(Scraped caption text data)
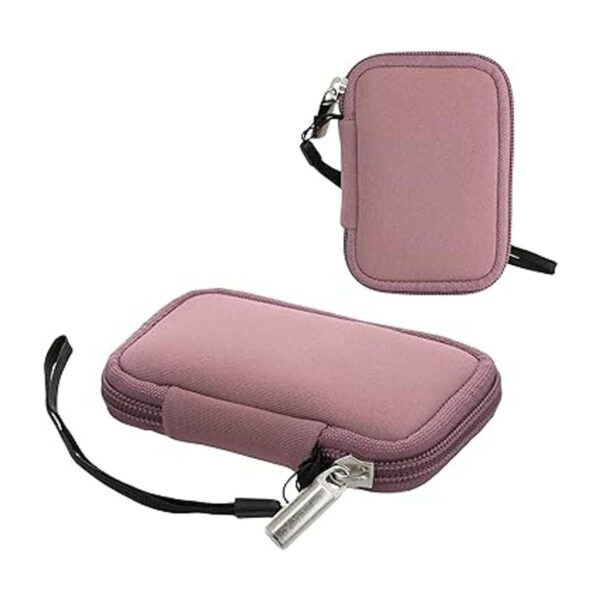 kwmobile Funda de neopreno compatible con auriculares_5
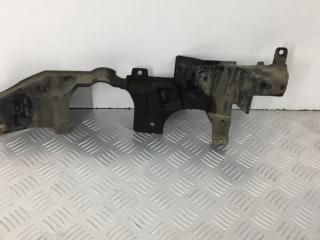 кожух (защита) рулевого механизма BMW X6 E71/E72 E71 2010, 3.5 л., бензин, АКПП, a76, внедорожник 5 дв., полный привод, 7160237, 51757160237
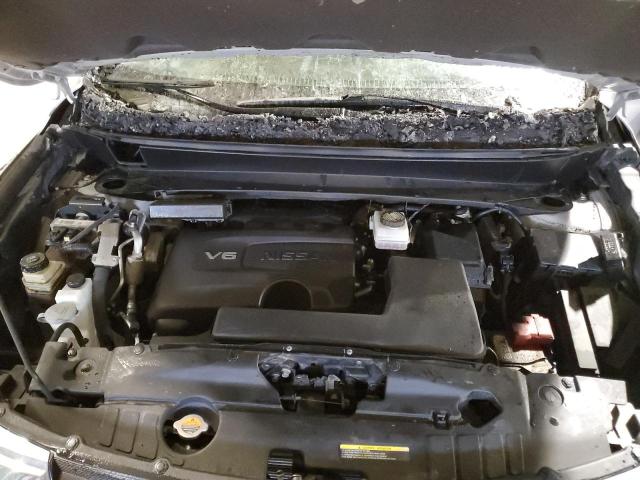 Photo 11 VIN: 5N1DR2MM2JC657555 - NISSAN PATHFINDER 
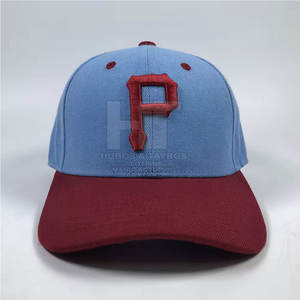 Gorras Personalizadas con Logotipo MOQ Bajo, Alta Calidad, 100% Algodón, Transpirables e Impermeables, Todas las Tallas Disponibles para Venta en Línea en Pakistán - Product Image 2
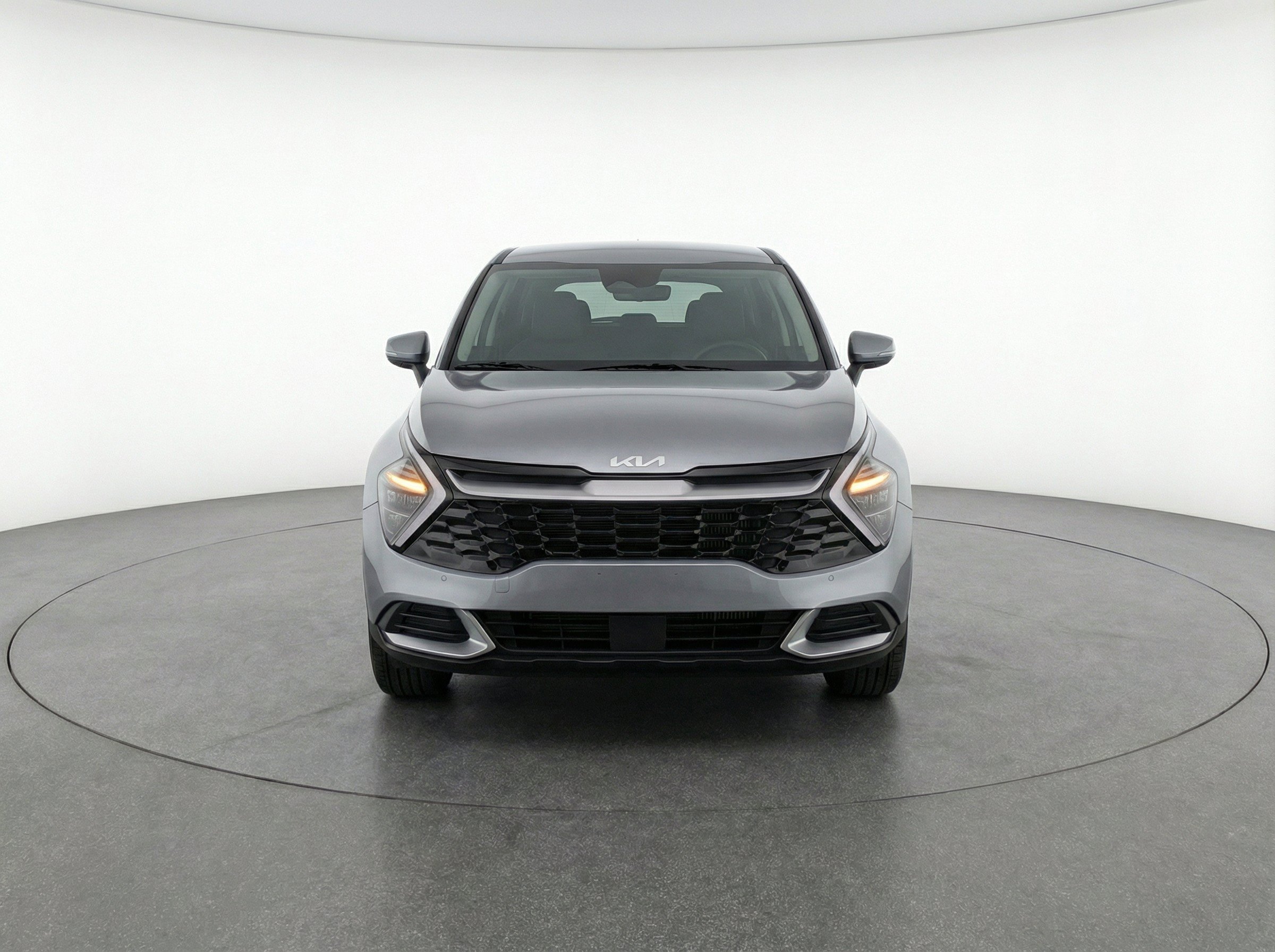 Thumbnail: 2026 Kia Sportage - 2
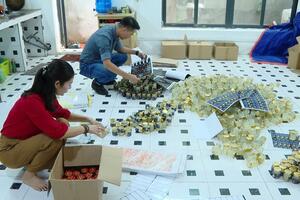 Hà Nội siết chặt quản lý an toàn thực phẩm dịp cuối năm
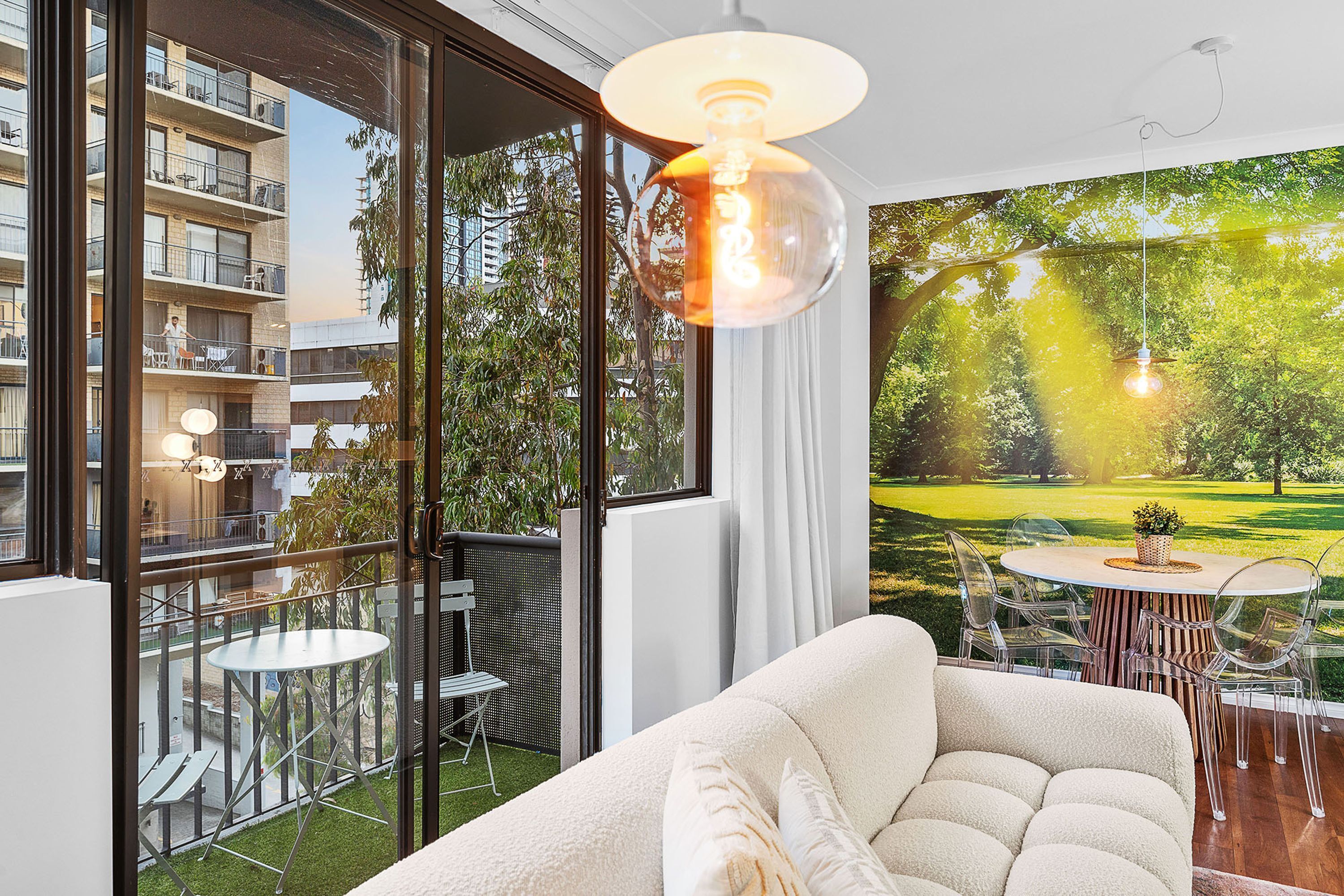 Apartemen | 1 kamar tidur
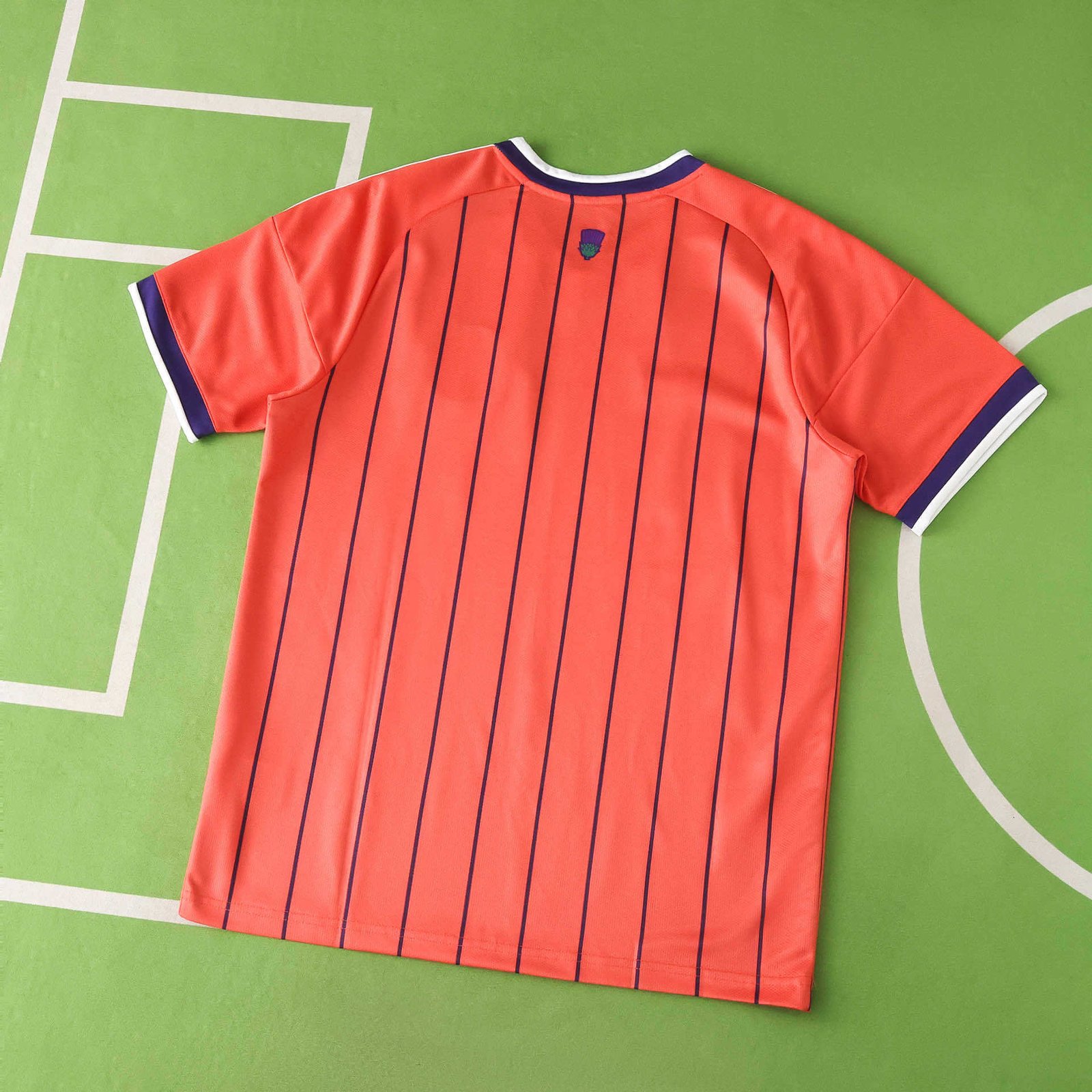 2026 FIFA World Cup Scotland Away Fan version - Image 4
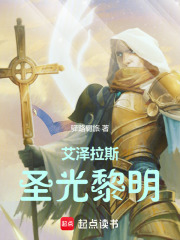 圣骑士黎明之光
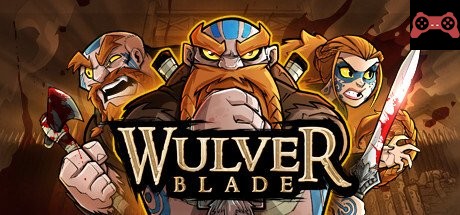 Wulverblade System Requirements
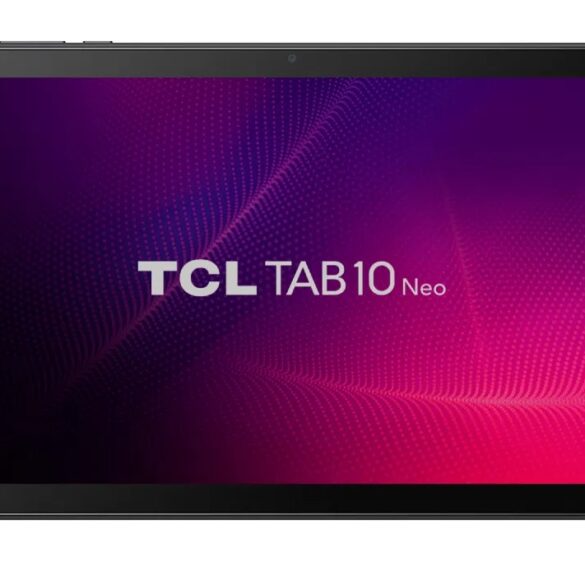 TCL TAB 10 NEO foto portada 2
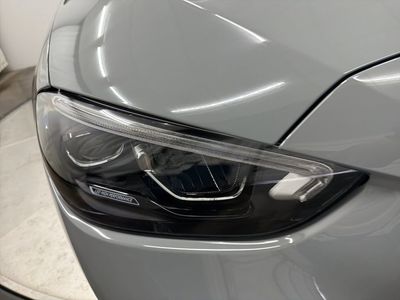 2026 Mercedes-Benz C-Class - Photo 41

> _YOUR TASK_
Each entry needs to be returned verbatim, with its pictures left out.

> _ANSWER AREA_
 kwmobile Funda de neopreno compatible con auriculares_5
 кожух (защита) рулевого механизма BMW X6 E71/E72 E71 2010, 3.5 л., бензин, АКПП, a76, внедорожник 5 дв., полный привод, 7160237, 51757160237
 Photo 11 VIN: 5N1DR2MM2JC657555 - NISSAN PATHFINDER 
 Gorras Personalizadas con Logotipo MOQ Bajo, Alta Calidad, 100% Algodón, Transpirables e Impermeables, Todas las Tallas Disponibles para Venta en Línea en Pakistán - Product Image 2
 Thumbnail: 2026 Kia Sportage - 2
 Hà Nội siết chặt quản lý an toàn thực phẩm dịp cuối năm
 Apartemen | 1 kamar tidur
 2026 FIFA World Cup Scotland Away Fan version - Image 4
 圣骑士黎明之光
 Wulverblade System Requirements
 TCL TAB 10 NEO foto portada 2
 2026 Mercedes-Benz C-Class - Photo 41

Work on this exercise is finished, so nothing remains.